Company Name: Bark, Inc.

  1. The statement of cash flows reports depreciation and amortization as a single line called “depreciation & amortization”. The balance sheet will include the asset being depreciated or amortized. It does not have a specific line but is indirectly included. On the SEC website, if you click on the “Property and Equipment – Net” line, it states, “Amount, after accumulated depreciation and amortization, of property, plant, and equipment and finance lease right-of-use asset.”.
    The “Intangible Assets-Net” line states, “Sum of the carrying amounts of all intangible assets, excluding goodwill, as of the balance sheet date, net of accumulated amortization and impairment charges.”  The Income statement will reflect the expense related to depreciation and amortization, as well as any gain or loss on the sale or disposal of assets. The company does not report depletion because it is associated with natural resources, and Bark, Inc. operates in the pet products industry. The notes to the financial statement provide additional details on the depreciation and amortization.

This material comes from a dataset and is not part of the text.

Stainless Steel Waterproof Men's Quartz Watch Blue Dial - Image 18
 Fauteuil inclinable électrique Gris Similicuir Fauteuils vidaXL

A company is required to disclose depreciation expense for the period, balances of major classes of depreciable assets by nature or function, accumulated depreciation either by major classes or in total, and a general description of the method or methods used in computing depreciation. (Text Book pg 11-17) Reporting that will only happen under specific circumstances include partial year depreciation, a change in depreciation methods, and cost related to an asset retirement obligation.

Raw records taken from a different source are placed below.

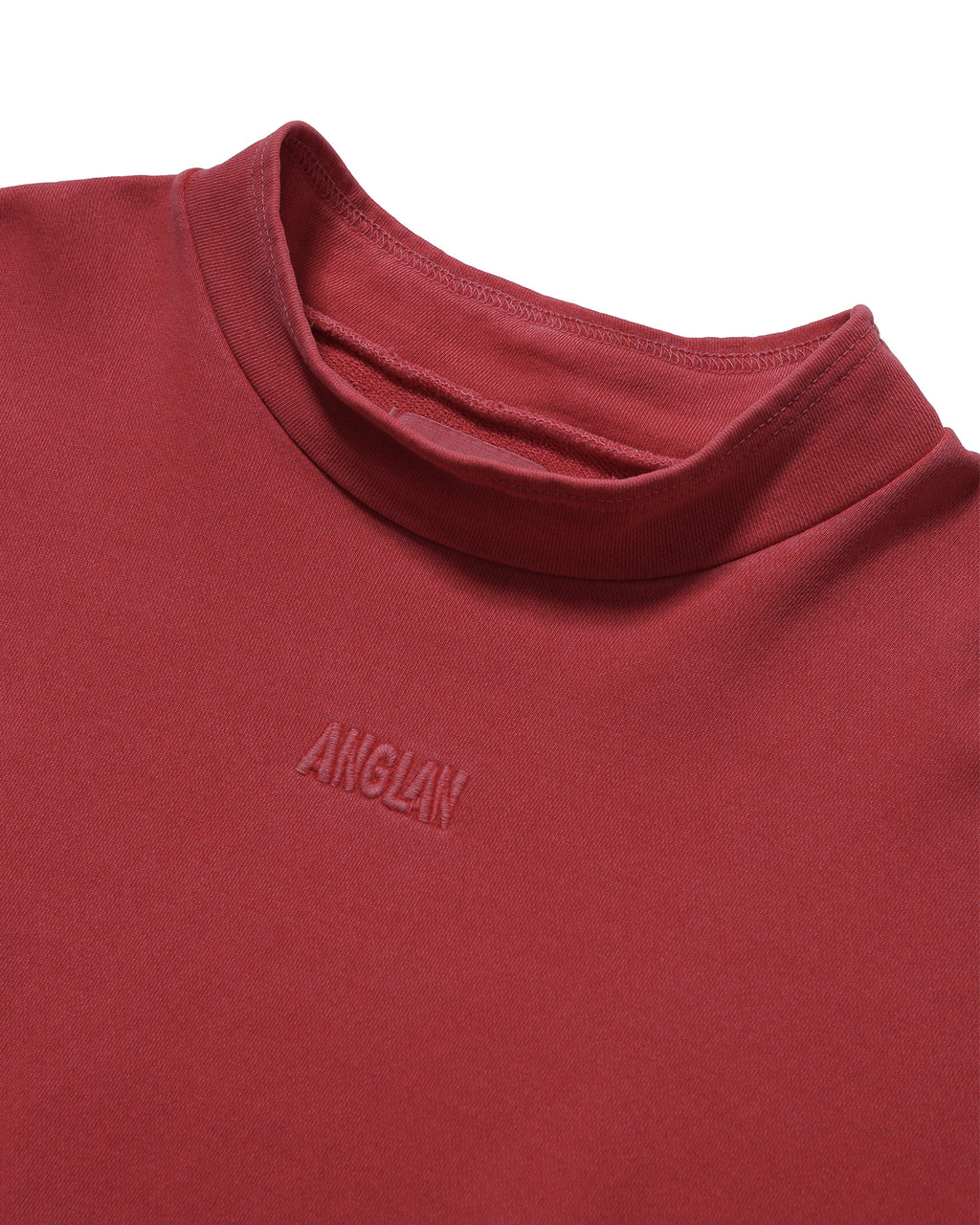 Pigment High-Neck Sweat Shirt - Washed Red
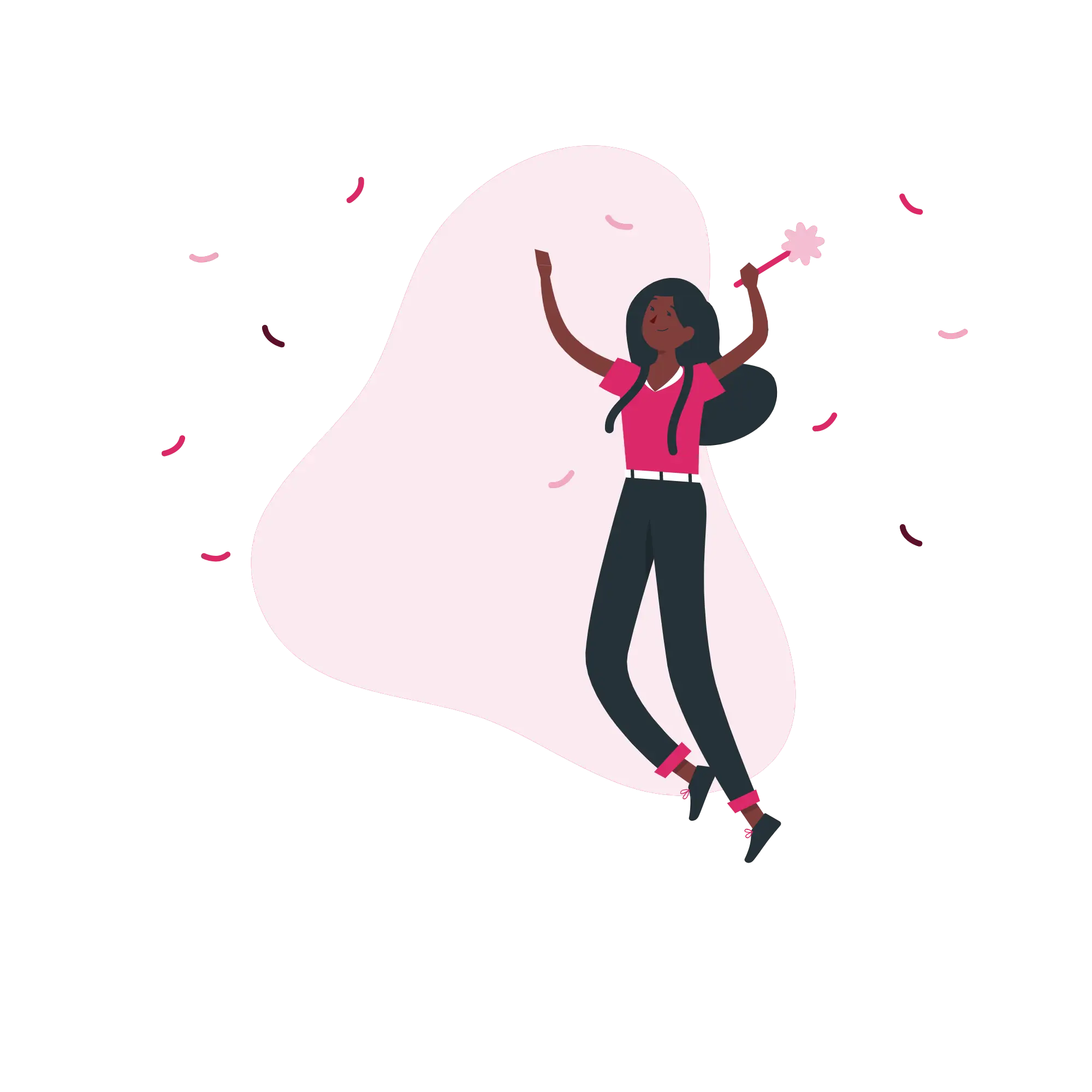 Dynamic Celebration of Joyful Woman with Waving Confetti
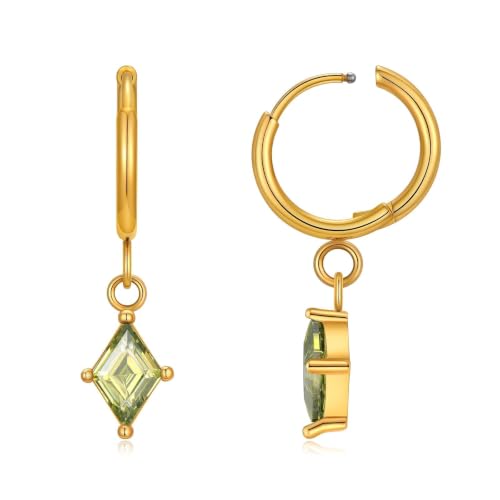 Surgical Steel Hoop Earrings for Women - Hypoallergenic Small Cartilage Huggies with Cubic Zirconia Dangle - color: Olive Green-18K Gold Plated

  1. What stood out to me is how their depreciation and amortization line on the consolidated statement of cash flow is growing, meaning the reported expense has increased over time. When I look at the balance sheet, it appears that the intangible assets have grown, but the property and equipment decreased. In total, their assets in 2024 decreased from 2023.
    Maybe they have older equipment whose asset value is low, therefore creating this situation, or there have been disposals or impairments? The income statement’s “General and Administrative” (They state they report it in this line, see below) was higher in 2023 and 2022 so I would suspect disposals or retirement of old assets and assume they have more old equipment that is at a lower value.
  2. Bark, Inc uses the straight-line method over the estimated useful lives of the property & equipment assets. Leasehold improvements are amortized using the straight-line method over the shorter of the lease term or estimated useful life of the asset. When they sell or retire the asset, the cost and related accumulated depreciation and amortization are removed from the consolidated balance sheets and the resulting gain or loss is reflected in general and administrative expenses in the consolidated statements of operations and comprehensive loss.
    Below that section, the note lists assets classes and the useful life of each category. Below that, they discuss intangibles and how they allocate certain costs with them.

BARK, INC (3/31/2024). Annual report (Form 10-K). U.S. Securities and Exchange Commission. Retrieved from https://www.sec.gov/Archives/edgar/data/1819574/000181957424000025/bark-20240331.htm

Wahlen, James, et al. Intermediate Accounting: Reporting and Analysis, 4th ed., CENGAGEL,  2023.